● **Data for this exercise**
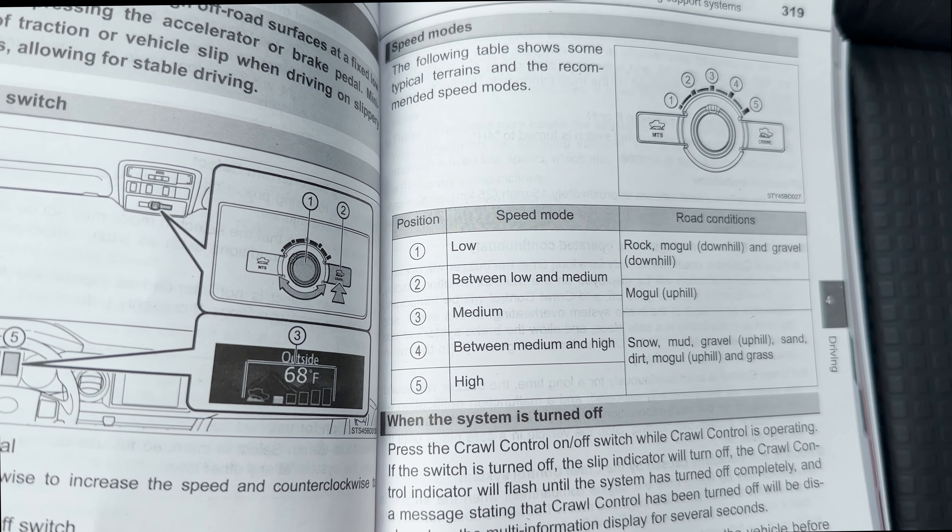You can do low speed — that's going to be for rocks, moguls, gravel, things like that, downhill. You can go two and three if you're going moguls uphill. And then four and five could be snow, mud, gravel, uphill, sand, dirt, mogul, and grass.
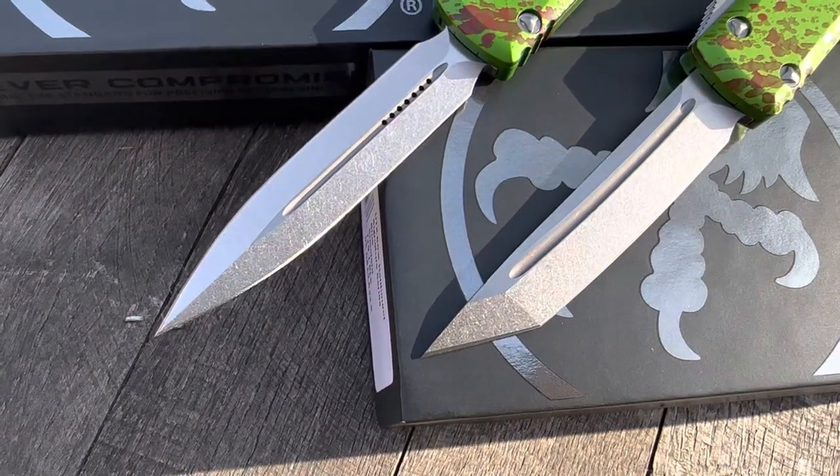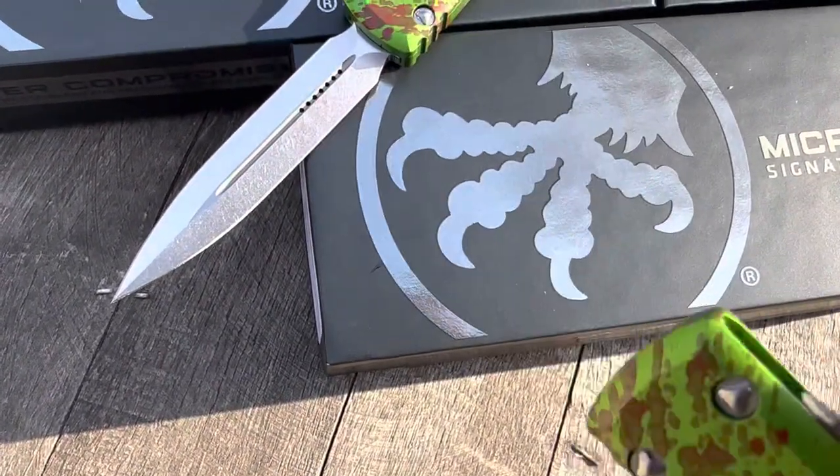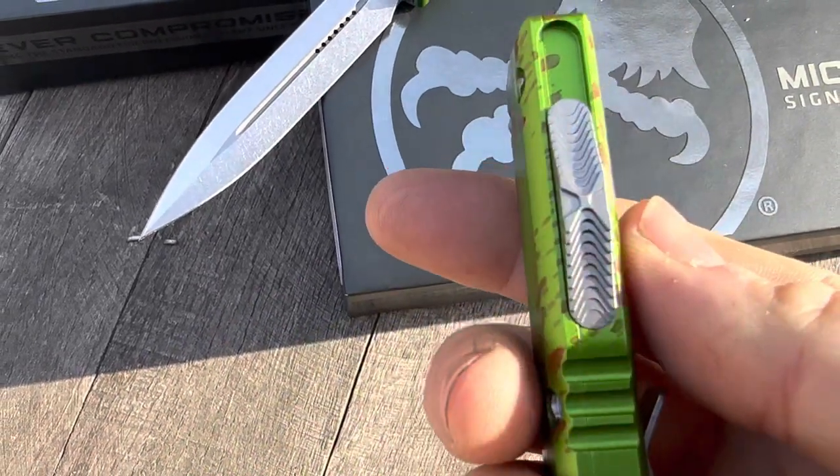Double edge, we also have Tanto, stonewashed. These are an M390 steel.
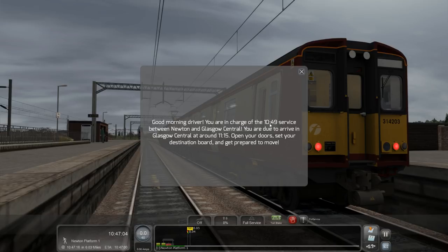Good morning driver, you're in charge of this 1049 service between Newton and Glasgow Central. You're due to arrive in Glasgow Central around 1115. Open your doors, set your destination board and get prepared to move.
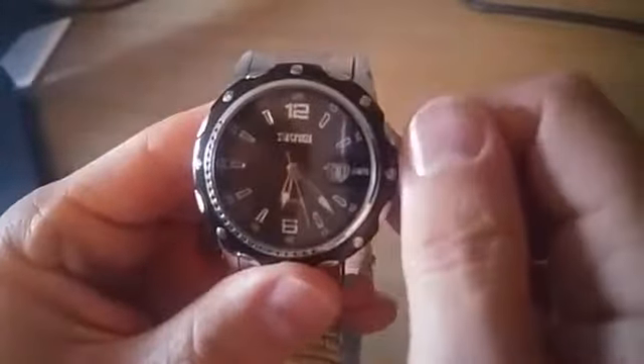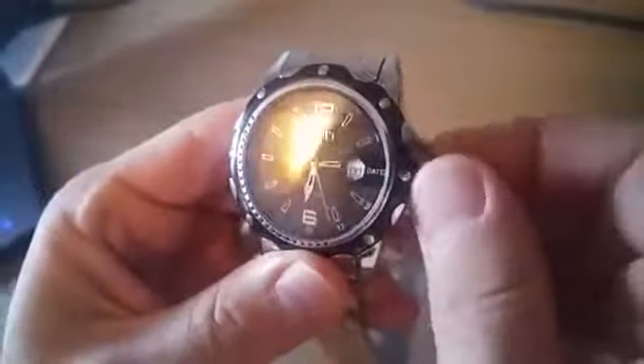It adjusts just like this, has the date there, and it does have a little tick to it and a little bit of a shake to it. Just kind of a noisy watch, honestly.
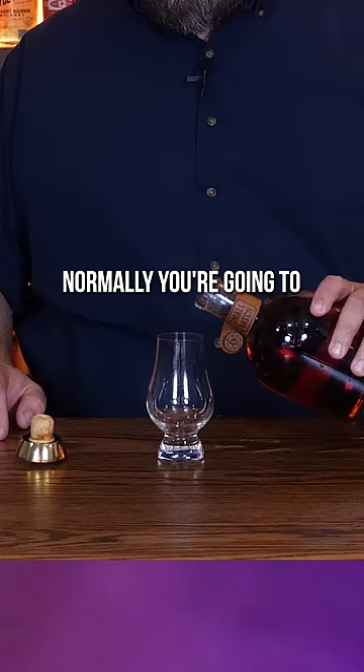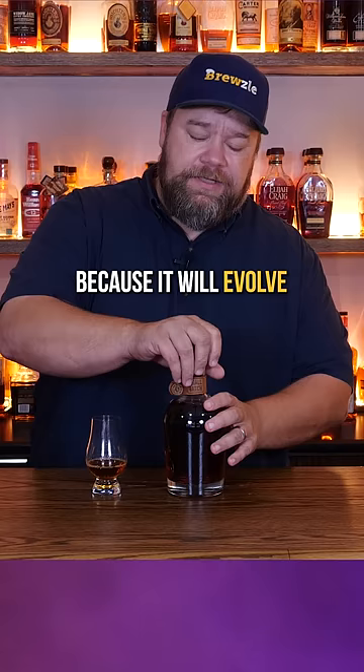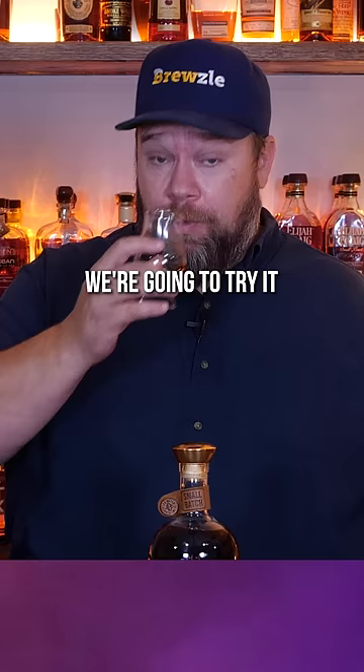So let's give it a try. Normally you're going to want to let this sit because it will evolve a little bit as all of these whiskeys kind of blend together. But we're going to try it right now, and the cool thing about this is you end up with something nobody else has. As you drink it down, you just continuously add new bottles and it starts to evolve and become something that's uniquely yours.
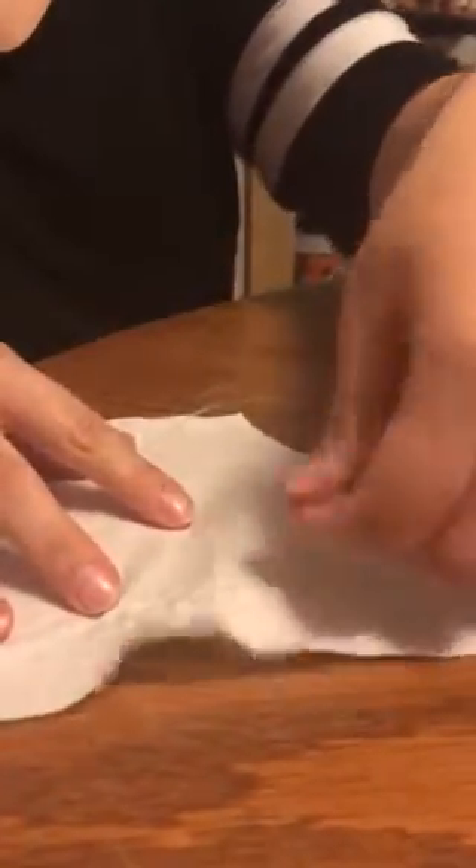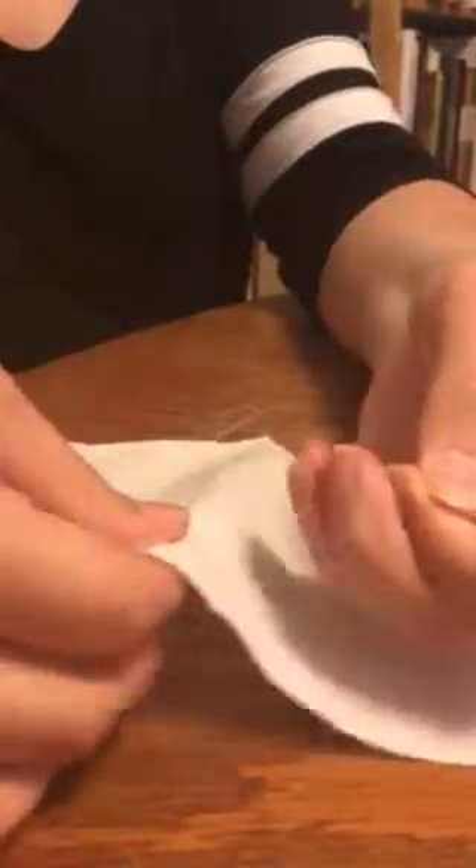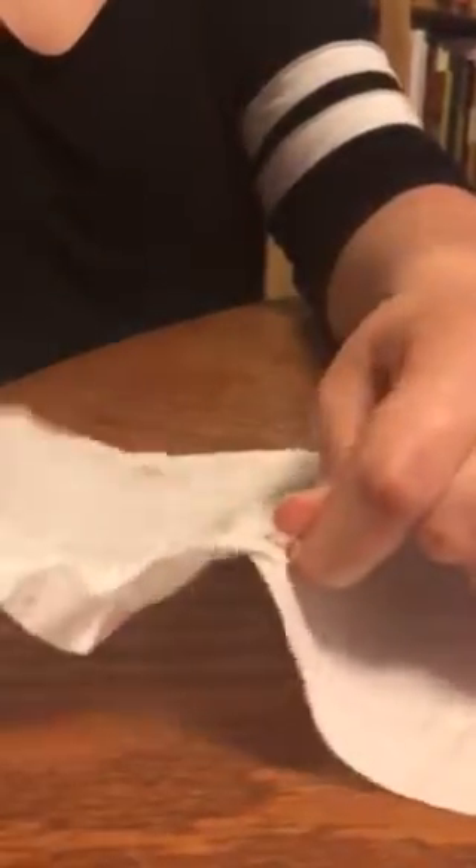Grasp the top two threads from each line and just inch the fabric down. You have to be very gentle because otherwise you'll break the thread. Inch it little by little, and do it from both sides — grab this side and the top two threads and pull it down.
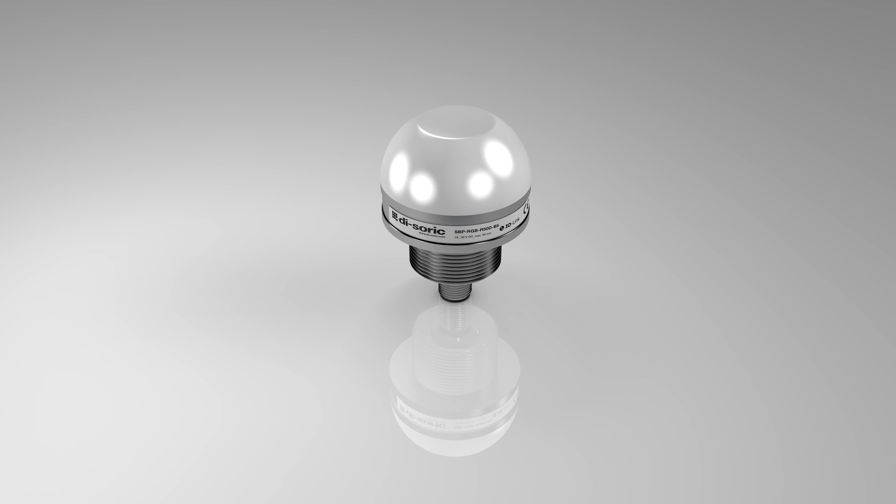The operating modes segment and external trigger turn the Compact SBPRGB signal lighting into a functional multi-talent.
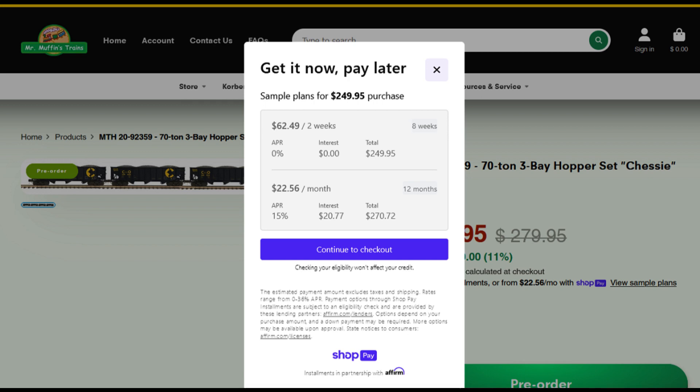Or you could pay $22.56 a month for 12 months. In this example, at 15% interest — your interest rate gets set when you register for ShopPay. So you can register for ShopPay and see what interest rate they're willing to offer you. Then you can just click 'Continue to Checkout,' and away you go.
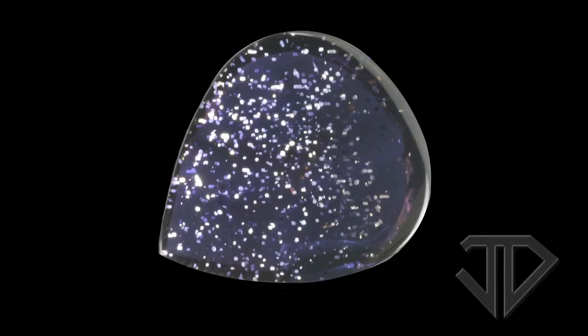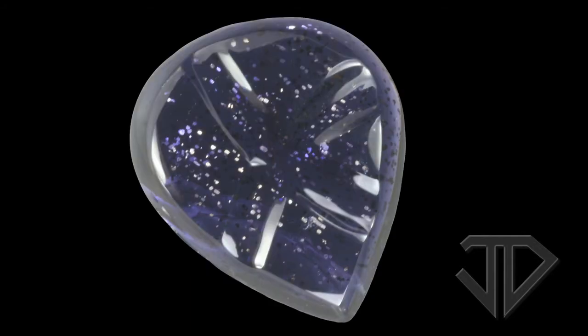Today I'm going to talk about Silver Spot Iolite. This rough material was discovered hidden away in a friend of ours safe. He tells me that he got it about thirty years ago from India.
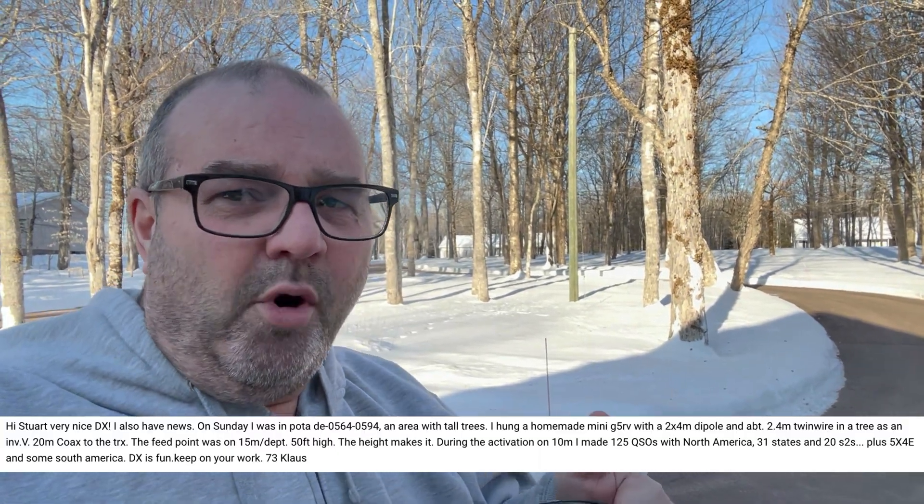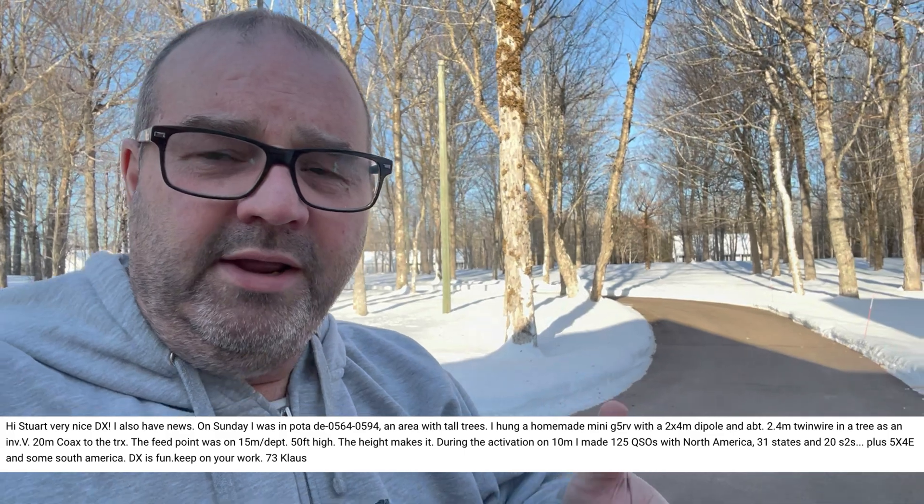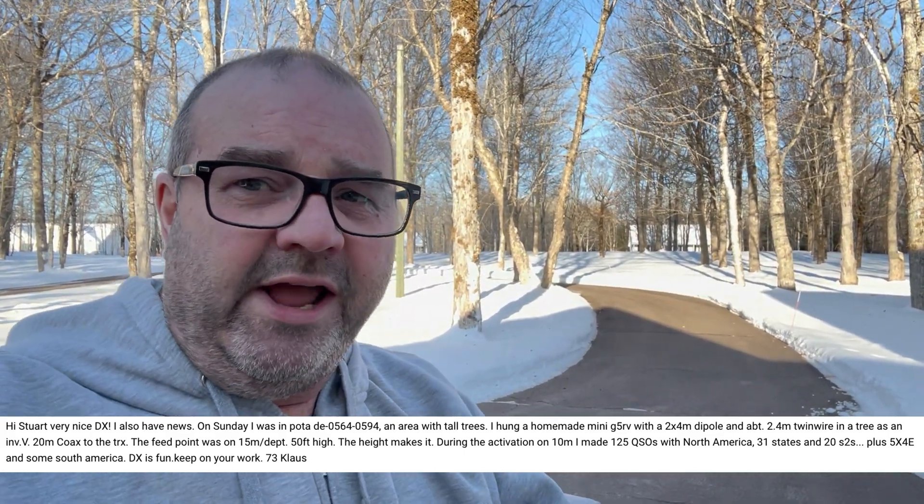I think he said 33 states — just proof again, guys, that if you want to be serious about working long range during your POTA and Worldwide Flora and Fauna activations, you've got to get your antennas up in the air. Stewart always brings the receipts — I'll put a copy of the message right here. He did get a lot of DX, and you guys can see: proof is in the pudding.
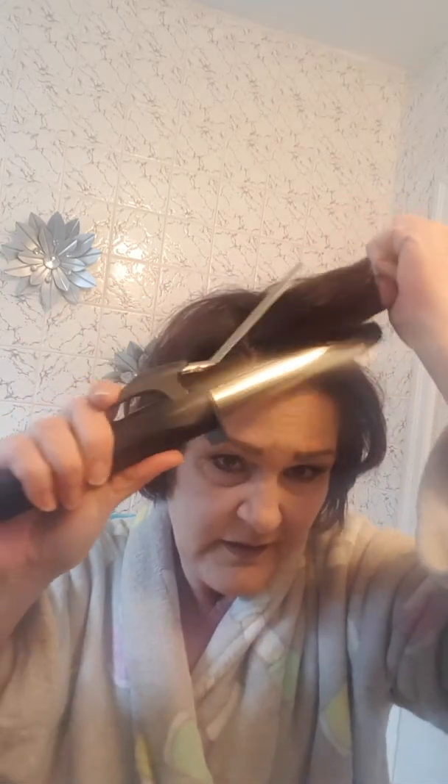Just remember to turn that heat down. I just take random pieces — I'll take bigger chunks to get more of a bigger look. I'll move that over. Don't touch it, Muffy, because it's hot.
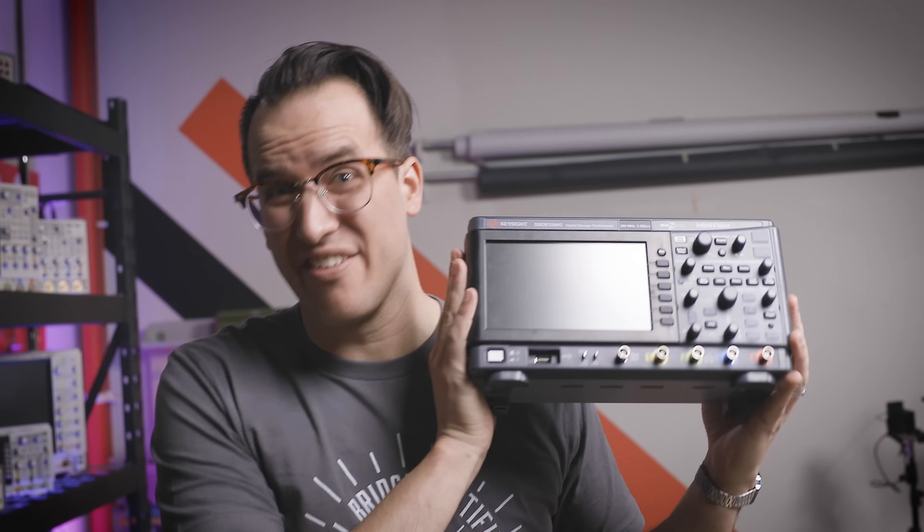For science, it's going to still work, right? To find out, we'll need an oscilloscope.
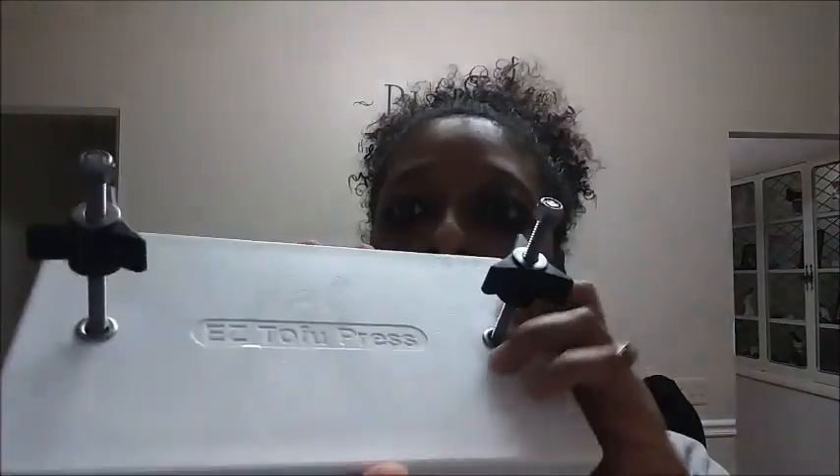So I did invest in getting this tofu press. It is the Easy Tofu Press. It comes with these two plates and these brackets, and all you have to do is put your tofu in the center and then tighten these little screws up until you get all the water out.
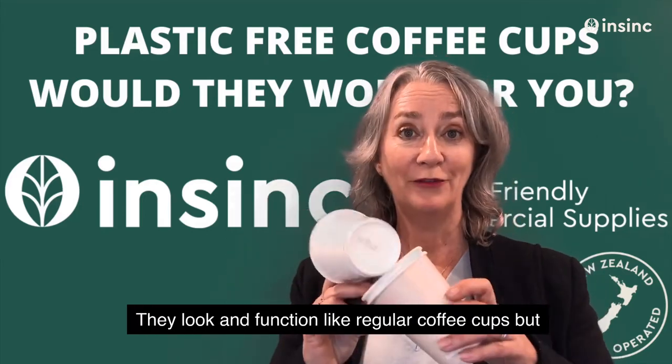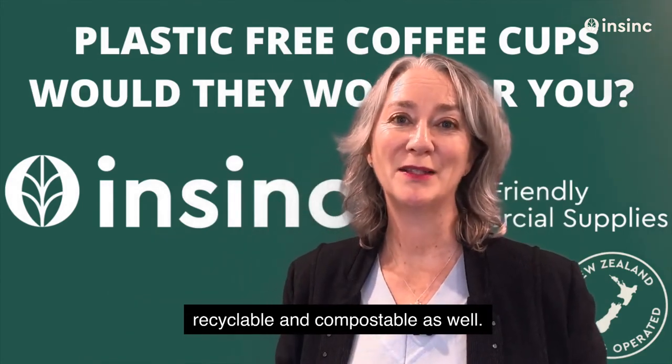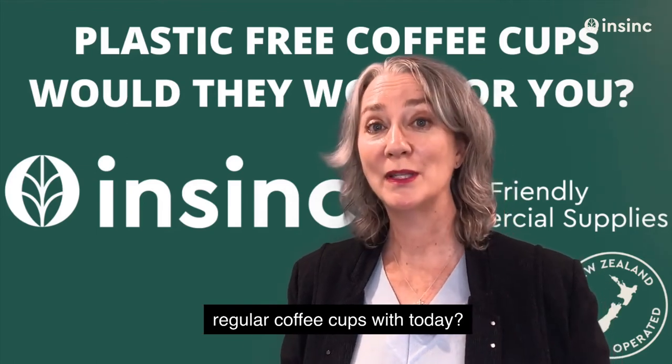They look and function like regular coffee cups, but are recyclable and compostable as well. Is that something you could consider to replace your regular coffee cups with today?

● **To do**
Would you transcribe all of the entries above exactly, minus the images?

● **Answer box**
You can do low speed — that's going to be for rocks, moguls, gravel, things like that, downhill. You can go two and three if you're going moguls uphill. And then four and five could be snow, mud, gravel, uphill, sand, dirt, mogul, and grass.
Double edge, we also have Tanto, stonewashed. These are an M390 steel.
Good morning driver, you're in charge of this 1049 service between Newton and Glasgow Central. You're due to arrive in Glasgow Central around 1115. Open your doors, set your destination board and get prepared to move.
It adjusts just like this, has the date there, and it does have a little tick to it and a little bit of a shake to it. Just kind of a noisy watch, honestly.
So let's give it a try. Normally you're going to want to let this sit because it will evolve a little bit as all of these whiskeys kind of blend together. But we're going to try it right now, and the cool thing about this is you end up with something nobody else has. As you drink it down, you just continuously add new bottles and it starts to evolve and become something that's uniquely yours.
Grasp the top two threads from each line and just inch the fabric down. You have to be very gentle because otherwise you'll break the thread. Inch it little by little, and do it from both sides — grab this side and the top two threads and pull it down.
The operating modes segment and external trigger turn the Compact SBPRGB signal lighting into a functional multi-talent.
Or you could pay $22.56 a month for 12 months. In this example, at 15% interest — your interest rate gets set when you register for ShopPay. So you can register for ShopPay and see what interest rate they're willing to offer you. Then you can just click 'Continue to Checkout,' and away you go.
Today I'm going to talk about Silver Spot Iolite. This rough material was discovered hidden away in a friend of ours safe. He tells me that he got it about thirty years ago from India.
I think he said 33 states — just proof again, guys, that if you want to be serious about working long range during your POTA and Worldwide Flora and Fauna activations, you've got to get your antennas up in the air. Stewart always brings the receipts — I'll put a copy of the message right here. He did get a lot of DX, and you guys can see: proof is in the pudding.
Just remember to turn that heat down. I just take random pieces — I'll take bigger chunks to get more of a bigger look. I'll move that over. Don't touch it, Muffy, because it's hot.
For science, it's going to still work, right? To find out, we'll need an oscilloscope.
So I did invest in getting this tofu press. It is the Easy Tofu Press. It comes with these two plates and these brackets, and all you have to do is put your tofu in the center and then tighten these little screws up until you get all the water out.
They look and function like regular coffee cups, but are recyclable and compostable as well. Is that something you could consider to replace your regular coffee cups with today?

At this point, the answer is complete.